“There’s no secret to my success. The atmosphere is good and I just try to stop every puck,” says Peter Budaj, making a save against the Boston Bruins in the third period during the game at TD Garden on March 24, 2014 in Boston
Photograph by: Jared Wickerham, Getty Images
BOSTON — There’s something about playing the Boston Bruins that brings out the best in the Canadiens, and that is particularly true for goaltender Peter Budaj.
Budaj made 28 saves and then stopped the four shooters he faced in the shootout as the Canadiens defeated the Bruins 2-1 Monday night at the TD Garden. The win gave Budaj a 5-2 record against the Bruins and he is a perfect 5-0 in Boston.
“It’s fun to play here,” Budaj said. “There’s no secret to my success. The atmosphere is good and I just try to stop every puck.”
Budaj almost accomplished that. He had a shutout until late in the third period when Patrice Bergeron tipped Dougie Hamilton’s shot from the blue line with three seconds remaining in a penalty to Michaël Bournival.
“(Budaj) was obviously awesome for us,” said Brendan Gallagher. “There were stretches where they pinned us in and they had a lot of momentum and he was making save after save. Sitting on the bench, you’d turn to the guy next to you and say: ‘How did he do that?’ But we knew he had that in him and we had confidence playing in front of him.”
Budaj had lost his last four starts but coach Michel Therrien said he felt confident the goalie would bounce back.
“He battled hard and made some big saves,” said Therrien. “You want to put an athlete in a position where he is challenged. It was a challenge for Peter and he responded the way we expected.”
Alex Galchenyuk had the only goal in the shootout and he said he was determined to beat Tuukka Rask, whose record against Montreal is now 3-12-4.
“I was just trying to score,” Galchenyuk said. “I was 0-for-6 in shootouts and I thought if I didn’t score, I’d never get another chance.”
“Every time we play Boston, you know it’s going to be a physical game and you could feel the tension from the first shift,” Galchenyuk said. “We were skating pretty good and they took some penalties in the second period and then we took a lot of penalties in the third period.”
The Canadiens were shorthanded three times in the first 10 minutes of the third period and Bergeron scored to tie the game during a fourth power play at 14:34.
“It’s hard to get a rhythm when you come off a good shift and then have to go on the PK,” Galchenyuk said.
Coach Michel Therrien said the penalty-killing effort was impressive because the team was missing players who normally kill penlaties. Lars Eller wasn’t dressed and Travis Moen and Dale Wiese were injured early in the game.
“We gave them four power plays in the third period and only allowed six shots,” Therrien said. “The guys on the PK did a great job, especially since we were down to 10 forwards for most of the game. A kid like Bournival isn’t used to killing penalties but we put him out there. I can’t say enough about (Tomas) Plekanec and (Brian) Gionta and the defence, guys like (Mike) Weaver and (Douglas) Murray did a great job.”
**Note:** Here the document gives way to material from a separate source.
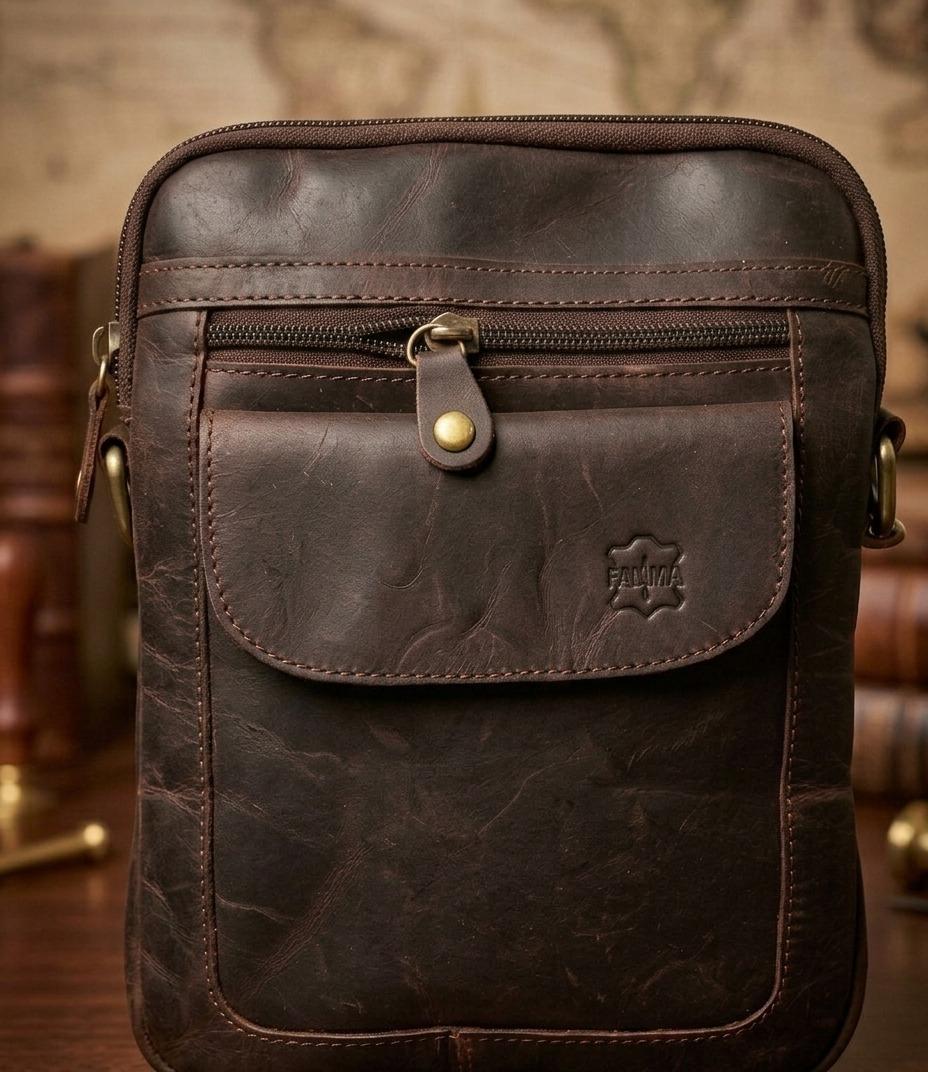 Premium Genuine Leather Crossbody Messenger Bag - Classic Black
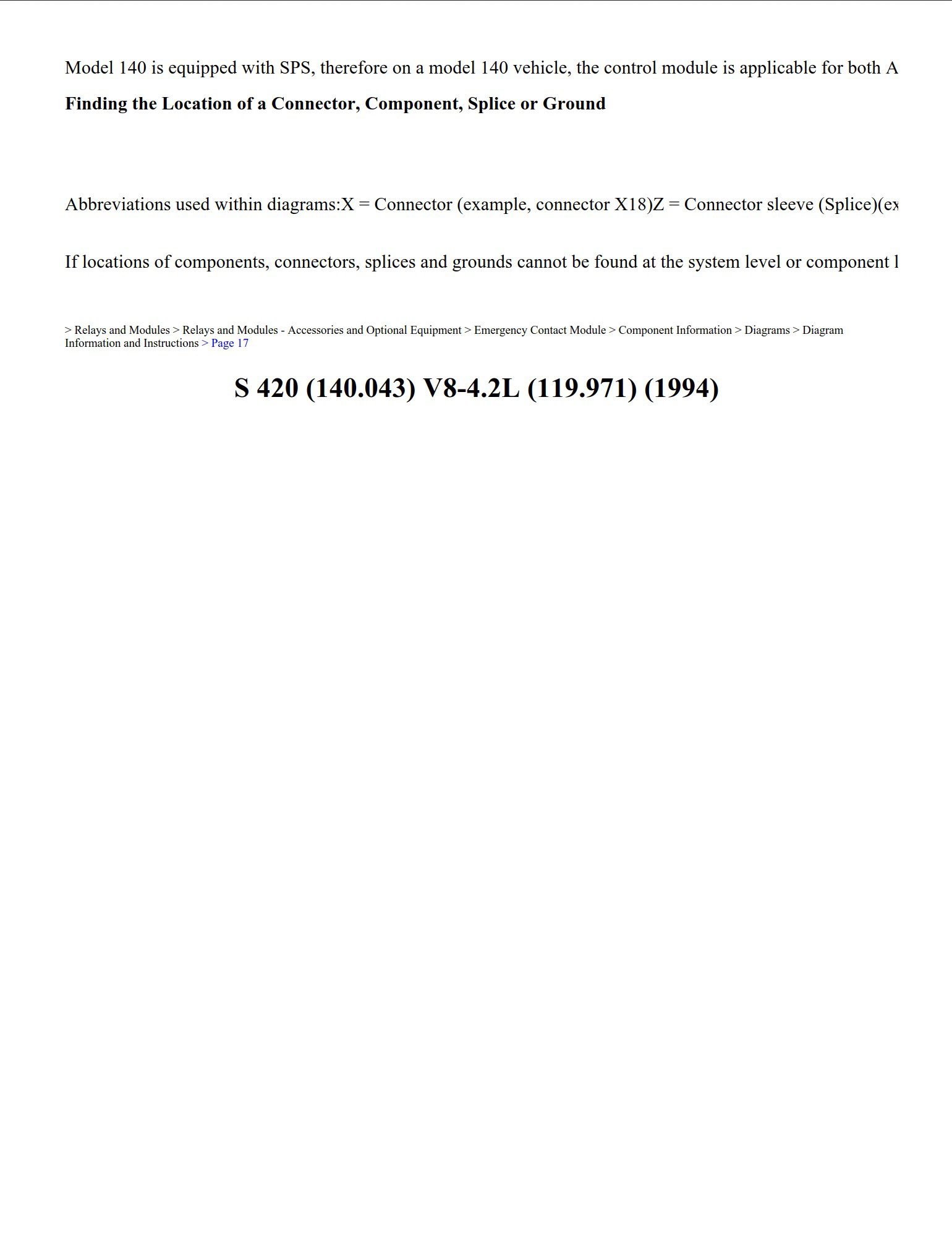 mercedes s 420 1994 v8 4.2l workshop manual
“I don’t know what more I could do because I can’t score goals,” said Weaver, who played 20:12, including 6:29 on the PK, and blocked three shots. “Our penalty killing was good and the best penalty-killer was our goalie.”
The Canadiens’ win snapped the Bruins’ 12-game winning streak but the Camadiens said that wasn’t as much of a motivating factor as the need to add two points to their record.
“It was like every game we play in this building,” said Plekanec. “We skate hard against them and they seem to have trouble with that. We took too many penalties but our goaltending was strong and the penalty-killing was strong, especially since we were missing two guys who normally kill penalties.”